Thursday, April 3, 2014

Does R have too many packages?

http://Pixton.com/ic:cyne4yvy
The Homeless Econometrician
The amazing growth and success of CRAN (Comprehensive R Archive Network) is marked by the thousands of packages have been developed and released by a highly active user base.  Yet even so, one of the founders and primary maintainers of CRAN Kurt Hornik in the Autrian Journal of Statistics (2012) is asking the question, "Are There Too Many Packages?"

As I understand it, some of the primary concerns regarding the immense proliferation of packages are: the lack of long term maintenance of many packages, the superabundance of packages, the inconsistent quality of individual packages, the lack of hierarchical dependency of packages, and insufficient meta package analysis.

1 Lack of long term maintenance of packages.  This has been a challenge that I have faced when using R packages which I believe will provide the solution to my problem but these packages frequently are not maintained at the same rate as the R base system.

And how could they be?  The base system is updated several times a year while there are thousands of packages.  To update each of those packages for minor changes in the base system seems foolish and excessive.  However, as the current structure of R stands, to fail to update these packages results in packages which previously worked, no longer functioning.  This is a problem I have experienced and is frankly very annoying.

One solution might be to limit the number of packages to those which have a sufficient developer base to ensure long term maintenance.  However, this would likely stifle the creativity and productivity of the wide R developer base.

Another solution is to limit the number of base system updates in order to limit the likelihood that a package will become outdated and need updating.

A third option, which I believe is the most attractive, is to allow code to specify what version of R it is stable on and for R to act for the commands in that package as though it is running on a previous version of R.  This idea is inspired by how Stata handles user written commands.  These commands simply specify version number for which the command was written under.  No matter what later version of Stata is used, the command should still work.

I understand that such an implementation would require additional work from the R core team for each subsequent update.  However, such an investment may be worth it in the long run as it would decrease the maintenance in response to R base updates.

2 The super abundance of R packages.  The concern is that there are so many packages that users might find it difficult to wade through them in order to find the right package.  I don't really see this as a problem.  If someone wanted to learn to use all R packages then of course this task would be nearly impossible.  However, with me as I believe with most people, I learn to use new functions within packages to solve specific problems.  I don't really care how many packages there are out there.  All I care is that when I ask a question on google or StackOverflow about how to do x or y, someone can point me to the package and command combination necessary to accomplish the task.

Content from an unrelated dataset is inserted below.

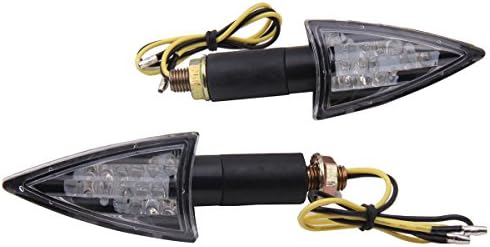 מוטורטוגו שחור ארוך גזע הפעל אותות הוביל אורות מהבהב אינדיקטורים תואם עבור 2011 קוואסאקי נינג ' ה 250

3 The inconsistent quality of individual packages.  It is not always clear if user written packages are really doing what they claim to be doing.  I know personally I and am constantly on the look out for checks to make sure my code is doing what I think it is doing, yet still I consistently find myself making small errors which only show up through painstaking experimentation and debugging. 

CRAN has some automated procedures in which packages are tested to ensure that all of their functions work without errors under normal circumstances.  However, as far as I know, there are no automated tests to ensure the commands are not silently giving errors by doing the wrong thing.  These kind of error controls are entirely left up to the authors and users.  This concern comes to mind because one of my friends recently was running two different Bayesian estimation packages which were supposed to produce identical results yet each returned distinctly different results with one set having significant estimates and the other not.  If he had not thought to try two different packages then he would never have thought of the potential errors inherent in the package authorship.

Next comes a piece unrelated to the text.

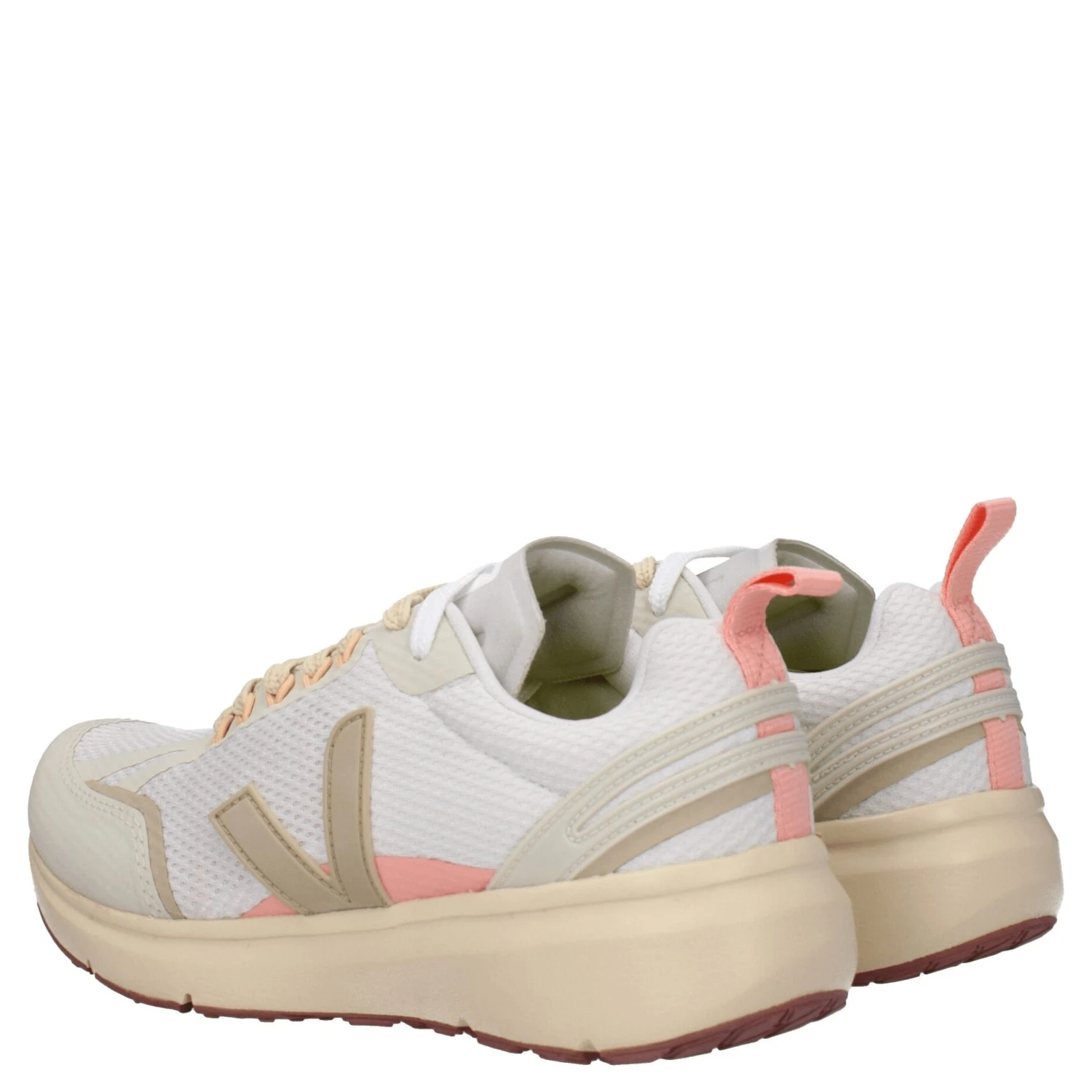 Beige Fabric Athletic Sneakers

A solution to inconsistent package quality controls may be to have a multitiered package release structure in which packages are first released in "beta form" but require an independent reviewing group to check functionality and write up reports before attaining "full" release status.  Such an independent package review structure may be accomplished by developing an open access R-journal specifically geared towards the review, release, and revision of R packages.

4 The lack of hierarchical dependencies.  This is a major point mentioned in Kurt Hornik's paper.  He looks at package dependencies and found that the majority of packages have no dependencies upon other packages.  This indicates that while there are many packages out there, most packages are not building on the work of other packages.  This produces the unfortunate situation in which it seems that many package developers are recreating the work of other package developers.  I am not really sure if there is anything that can be done about this or if it really is an issue.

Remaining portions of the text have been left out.